### SUPPLIED DATA

######

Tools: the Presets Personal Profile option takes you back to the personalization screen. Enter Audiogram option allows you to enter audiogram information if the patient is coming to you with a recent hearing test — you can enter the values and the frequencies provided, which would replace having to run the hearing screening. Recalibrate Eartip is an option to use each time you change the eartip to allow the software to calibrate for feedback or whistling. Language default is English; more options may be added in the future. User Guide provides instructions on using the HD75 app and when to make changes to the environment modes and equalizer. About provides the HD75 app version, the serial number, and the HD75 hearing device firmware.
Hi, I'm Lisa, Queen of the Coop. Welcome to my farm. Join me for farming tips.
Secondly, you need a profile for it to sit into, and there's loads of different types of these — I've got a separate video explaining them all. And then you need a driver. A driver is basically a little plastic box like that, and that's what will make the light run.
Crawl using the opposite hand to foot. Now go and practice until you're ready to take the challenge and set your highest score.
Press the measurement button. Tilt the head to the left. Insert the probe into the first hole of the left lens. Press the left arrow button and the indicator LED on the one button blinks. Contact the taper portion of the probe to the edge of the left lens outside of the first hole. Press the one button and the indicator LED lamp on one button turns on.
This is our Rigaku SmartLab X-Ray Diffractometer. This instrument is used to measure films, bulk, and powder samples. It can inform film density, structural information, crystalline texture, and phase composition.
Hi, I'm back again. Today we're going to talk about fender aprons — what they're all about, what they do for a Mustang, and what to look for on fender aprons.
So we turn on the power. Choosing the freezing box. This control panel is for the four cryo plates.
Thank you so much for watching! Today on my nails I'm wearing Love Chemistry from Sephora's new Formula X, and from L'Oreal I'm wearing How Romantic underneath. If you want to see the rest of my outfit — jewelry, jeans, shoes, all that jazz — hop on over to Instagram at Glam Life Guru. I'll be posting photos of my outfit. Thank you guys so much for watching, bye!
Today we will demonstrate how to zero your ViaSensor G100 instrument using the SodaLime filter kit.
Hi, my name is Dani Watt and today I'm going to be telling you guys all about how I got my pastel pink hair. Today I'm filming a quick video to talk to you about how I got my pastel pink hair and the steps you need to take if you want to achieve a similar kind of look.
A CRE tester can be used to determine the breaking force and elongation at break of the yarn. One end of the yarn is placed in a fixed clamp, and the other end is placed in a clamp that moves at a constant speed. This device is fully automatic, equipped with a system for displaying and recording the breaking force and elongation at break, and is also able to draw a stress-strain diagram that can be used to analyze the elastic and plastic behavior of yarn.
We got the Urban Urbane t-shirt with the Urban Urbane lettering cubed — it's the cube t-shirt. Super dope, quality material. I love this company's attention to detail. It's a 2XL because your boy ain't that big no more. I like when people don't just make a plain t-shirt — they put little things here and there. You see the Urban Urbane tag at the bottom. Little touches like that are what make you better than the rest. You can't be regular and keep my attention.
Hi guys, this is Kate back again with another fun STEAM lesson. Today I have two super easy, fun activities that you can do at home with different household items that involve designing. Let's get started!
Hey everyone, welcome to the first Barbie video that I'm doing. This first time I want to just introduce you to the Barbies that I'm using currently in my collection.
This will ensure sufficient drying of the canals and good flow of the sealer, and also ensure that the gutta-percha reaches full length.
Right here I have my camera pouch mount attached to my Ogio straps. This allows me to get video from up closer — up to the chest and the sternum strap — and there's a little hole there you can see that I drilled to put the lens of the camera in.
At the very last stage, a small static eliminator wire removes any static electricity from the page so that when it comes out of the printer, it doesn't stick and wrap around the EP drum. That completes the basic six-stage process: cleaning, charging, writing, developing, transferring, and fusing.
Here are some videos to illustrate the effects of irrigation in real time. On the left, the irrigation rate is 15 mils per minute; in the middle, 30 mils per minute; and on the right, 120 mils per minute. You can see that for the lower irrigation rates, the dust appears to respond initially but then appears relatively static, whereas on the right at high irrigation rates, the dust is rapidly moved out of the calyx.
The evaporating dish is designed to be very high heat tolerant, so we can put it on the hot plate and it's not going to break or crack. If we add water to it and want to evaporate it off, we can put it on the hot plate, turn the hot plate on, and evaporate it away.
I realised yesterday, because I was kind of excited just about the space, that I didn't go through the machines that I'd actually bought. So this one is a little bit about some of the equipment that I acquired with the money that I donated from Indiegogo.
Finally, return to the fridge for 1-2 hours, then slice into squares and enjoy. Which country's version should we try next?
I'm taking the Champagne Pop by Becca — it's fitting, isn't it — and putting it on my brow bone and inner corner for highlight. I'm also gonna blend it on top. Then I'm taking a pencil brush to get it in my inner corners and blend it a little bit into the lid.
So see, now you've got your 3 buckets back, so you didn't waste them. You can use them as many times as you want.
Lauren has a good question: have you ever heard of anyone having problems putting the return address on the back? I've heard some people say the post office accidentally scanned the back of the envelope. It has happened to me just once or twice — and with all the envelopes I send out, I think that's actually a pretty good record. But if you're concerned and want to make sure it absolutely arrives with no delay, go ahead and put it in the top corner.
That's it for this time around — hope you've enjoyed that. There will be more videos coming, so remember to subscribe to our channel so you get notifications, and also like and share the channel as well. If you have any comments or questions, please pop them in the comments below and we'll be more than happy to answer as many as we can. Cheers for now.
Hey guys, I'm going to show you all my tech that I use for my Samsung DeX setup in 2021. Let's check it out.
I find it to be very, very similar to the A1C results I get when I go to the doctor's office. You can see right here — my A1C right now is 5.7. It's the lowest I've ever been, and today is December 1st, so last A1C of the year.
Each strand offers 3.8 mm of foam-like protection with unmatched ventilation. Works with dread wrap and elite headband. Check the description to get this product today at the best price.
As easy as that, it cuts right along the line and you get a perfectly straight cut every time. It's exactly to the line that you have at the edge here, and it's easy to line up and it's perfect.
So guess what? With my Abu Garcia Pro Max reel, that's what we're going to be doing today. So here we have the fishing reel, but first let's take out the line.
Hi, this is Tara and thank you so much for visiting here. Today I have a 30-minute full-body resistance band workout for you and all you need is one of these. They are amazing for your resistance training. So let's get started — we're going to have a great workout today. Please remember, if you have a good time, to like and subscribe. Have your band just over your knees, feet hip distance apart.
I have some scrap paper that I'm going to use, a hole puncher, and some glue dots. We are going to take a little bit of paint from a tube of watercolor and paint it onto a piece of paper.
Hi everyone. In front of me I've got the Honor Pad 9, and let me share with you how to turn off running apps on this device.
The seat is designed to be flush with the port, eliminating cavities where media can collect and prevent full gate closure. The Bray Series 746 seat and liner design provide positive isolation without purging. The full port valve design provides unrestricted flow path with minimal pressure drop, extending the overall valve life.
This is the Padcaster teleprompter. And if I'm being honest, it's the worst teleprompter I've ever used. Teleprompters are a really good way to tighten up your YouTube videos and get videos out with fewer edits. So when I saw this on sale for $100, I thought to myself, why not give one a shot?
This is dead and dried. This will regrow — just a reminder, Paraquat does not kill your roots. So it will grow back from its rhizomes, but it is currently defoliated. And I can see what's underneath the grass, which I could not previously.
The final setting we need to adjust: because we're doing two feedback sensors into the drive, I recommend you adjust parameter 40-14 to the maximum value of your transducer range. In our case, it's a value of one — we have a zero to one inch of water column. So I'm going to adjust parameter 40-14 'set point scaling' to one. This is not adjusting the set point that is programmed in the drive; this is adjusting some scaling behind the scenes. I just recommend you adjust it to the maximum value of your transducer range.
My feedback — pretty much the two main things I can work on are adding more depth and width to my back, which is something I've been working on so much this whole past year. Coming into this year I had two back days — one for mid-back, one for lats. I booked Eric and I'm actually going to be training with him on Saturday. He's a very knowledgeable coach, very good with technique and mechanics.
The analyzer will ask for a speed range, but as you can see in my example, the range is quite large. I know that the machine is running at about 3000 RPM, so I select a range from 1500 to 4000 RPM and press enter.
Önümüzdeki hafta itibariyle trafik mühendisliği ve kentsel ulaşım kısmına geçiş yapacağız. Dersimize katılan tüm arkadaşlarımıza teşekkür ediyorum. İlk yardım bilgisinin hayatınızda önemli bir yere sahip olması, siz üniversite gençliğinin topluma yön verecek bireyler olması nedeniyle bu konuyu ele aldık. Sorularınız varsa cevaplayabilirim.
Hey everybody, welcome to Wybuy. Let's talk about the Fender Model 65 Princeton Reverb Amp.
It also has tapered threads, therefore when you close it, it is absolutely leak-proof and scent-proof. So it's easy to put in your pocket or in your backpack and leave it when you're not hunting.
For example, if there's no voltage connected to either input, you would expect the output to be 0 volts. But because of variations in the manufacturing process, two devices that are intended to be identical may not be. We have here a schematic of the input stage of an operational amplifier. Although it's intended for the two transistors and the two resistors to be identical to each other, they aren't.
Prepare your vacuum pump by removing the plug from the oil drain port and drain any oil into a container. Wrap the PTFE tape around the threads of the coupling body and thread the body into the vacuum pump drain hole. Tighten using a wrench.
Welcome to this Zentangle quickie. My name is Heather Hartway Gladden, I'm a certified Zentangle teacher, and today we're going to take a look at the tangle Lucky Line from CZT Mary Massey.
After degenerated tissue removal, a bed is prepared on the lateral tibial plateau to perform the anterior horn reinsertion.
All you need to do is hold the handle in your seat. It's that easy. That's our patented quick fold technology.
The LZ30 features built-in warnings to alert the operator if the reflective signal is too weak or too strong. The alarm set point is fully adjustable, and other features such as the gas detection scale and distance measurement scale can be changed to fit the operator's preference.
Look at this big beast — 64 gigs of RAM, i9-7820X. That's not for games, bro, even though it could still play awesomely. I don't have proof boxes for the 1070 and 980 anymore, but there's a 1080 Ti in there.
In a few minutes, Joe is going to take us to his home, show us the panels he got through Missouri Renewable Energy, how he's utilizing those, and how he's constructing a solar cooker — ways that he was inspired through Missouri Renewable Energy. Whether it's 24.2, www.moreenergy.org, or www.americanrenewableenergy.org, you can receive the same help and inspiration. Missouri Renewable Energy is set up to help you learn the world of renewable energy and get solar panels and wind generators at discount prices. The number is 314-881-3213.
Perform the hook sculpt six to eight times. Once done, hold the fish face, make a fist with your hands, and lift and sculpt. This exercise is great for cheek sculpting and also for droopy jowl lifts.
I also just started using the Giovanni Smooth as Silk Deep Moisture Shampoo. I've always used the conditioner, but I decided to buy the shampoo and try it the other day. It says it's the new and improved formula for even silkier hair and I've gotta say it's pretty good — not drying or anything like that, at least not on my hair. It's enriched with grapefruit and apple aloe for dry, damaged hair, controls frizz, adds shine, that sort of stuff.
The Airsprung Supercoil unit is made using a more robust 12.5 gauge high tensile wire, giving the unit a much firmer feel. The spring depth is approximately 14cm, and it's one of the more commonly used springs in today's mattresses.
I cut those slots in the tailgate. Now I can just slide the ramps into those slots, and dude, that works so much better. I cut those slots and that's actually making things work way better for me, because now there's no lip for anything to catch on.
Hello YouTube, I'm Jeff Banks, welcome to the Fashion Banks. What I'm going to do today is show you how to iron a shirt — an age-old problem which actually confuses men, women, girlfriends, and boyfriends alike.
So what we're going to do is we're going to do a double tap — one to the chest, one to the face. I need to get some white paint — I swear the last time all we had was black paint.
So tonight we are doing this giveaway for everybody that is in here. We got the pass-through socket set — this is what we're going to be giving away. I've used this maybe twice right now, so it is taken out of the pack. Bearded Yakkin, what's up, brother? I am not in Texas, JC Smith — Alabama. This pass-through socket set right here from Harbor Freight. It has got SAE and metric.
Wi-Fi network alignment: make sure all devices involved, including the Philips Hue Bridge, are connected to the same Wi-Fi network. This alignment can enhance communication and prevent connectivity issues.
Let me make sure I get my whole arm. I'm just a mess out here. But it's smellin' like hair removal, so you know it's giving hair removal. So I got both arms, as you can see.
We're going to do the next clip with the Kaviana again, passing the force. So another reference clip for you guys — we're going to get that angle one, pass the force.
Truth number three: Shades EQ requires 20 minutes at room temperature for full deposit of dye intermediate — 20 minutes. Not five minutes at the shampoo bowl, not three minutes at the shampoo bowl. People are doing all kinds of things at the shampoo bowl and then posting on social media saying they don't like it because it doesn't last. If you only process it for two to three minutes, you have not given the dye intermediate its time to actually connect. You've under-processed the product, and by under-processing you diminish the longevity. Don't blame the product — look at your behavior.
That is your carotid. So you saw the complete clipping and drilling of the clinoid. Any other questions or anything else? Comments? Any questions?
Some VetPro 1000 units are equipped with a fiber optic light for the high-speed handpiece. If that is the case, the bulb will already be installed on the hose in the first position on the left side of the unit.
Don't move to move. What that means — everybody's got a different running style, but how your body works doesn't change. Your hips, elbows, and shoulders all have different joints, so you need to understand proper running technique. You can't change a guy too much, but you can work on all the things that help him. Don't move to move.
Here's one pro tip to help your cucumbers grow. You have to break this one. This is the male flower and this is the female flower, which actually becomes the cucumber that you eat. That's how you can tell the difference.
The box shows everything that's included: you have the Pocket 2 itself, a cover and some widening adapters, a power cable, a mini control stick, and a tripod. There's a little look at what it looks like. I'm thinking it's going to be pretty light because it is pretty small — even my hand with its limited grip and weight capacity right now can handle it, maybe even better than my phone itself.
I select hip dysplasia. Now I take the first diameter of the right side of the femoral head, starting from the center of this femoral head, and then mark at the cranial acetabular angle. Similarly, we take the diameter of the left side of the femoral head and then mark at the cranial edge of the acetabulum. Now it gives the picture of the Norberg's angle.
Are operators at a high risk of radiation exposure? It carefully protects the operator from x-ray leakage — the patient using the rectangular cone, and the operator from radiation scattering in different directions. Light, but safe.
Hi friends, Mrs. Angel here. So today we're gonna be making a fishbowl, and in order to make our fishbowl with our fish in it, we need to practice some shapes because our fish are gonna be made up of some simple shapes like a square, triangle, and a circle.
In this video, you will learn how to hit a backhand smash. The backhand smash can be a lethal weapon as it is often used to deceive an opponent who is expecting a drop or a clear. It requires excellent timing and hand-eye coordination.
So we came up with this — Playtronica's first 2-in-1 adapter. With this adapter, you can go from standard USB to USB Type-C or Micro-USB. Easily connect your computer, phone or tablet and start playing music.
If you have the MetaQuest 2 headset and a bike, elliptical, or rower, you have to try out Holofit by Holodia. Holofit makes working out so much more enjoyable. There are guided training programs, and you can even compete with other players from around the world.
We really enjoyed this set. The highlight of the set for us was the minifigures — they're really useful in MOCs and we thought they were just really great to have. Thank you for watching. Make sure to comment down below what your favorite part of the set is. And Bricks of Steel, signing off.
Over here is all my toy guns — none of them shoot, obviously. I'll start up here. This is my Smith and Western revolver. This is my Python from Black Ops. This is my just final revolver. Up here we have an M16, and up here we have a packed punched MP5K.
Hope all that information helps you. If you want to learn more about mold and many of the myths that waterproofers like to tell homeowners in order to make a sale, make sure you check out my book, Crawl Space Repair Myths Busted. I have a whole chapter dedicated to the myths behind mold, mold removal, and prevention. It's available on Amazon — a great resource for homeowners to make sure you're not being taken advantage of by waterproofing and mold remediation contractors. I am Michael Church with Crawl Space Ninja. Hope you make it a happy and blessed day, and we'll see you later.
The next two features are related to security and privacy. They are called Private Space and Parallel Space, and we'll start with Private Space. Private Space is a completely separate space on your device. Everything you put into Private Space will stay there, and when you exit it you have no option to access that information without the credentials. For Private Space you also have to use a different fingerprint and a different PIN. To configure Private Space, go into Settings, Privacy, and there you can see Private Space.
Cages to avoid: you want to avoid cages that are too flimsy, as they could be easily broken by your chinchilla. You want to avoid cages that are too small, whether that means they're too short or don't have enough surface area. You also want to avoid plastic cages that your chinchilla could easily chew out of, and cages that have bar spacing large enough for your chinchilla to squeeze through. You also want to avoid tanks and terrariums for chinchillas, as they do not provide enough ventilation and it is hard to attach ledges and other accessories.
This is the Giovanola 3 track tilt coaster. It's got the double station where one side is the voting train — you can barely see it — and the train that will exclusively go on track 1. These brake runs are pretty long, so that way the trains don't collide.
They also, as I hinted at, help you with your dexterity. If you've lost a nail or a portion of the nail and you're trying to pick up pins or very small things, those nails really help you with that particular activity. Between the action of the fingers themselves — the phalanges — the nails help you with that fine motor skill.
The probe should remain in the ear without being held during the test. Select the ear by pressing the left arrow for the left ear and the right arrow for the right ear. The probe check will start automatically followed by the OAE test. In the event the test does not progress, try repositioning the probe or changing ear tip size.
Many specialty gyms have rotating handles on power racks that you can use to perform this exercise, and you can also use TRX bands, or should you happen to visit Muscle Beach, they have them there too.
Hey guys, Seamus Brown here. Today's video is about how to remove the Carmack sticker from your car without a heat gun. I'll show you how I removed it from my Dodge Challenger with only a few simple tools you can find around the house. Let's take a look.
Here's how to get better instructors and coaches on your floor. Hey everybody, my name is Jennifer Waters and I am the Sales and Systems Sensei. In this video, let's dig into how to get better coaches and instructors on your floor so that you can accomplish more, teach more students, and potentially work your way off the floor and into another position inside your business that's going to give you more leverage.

######

### TO DO
Copy the lines above exactly. Start with the line containing "Thank you so much for watching!", end with the line containing "Today we will", and include both.

### EXERCISE OUTPUT
Thank you so much for watching! Today on my nails I'm wearing Love Chemistry from Sephora's new Formula X, and from L'Oreal I'm wearing How Romantic underneath. If you want to see the rest of my outfit — jewelry, jeans, shoes, all that jazz — hop on over to Instagram at Glam Life Guru. I'll be posting photos of my outfit. Thank you guys so much for watching, bye!
Today we will demonstrate how to zero your ViaSensor G100 instrument using the SodaLime filter kit.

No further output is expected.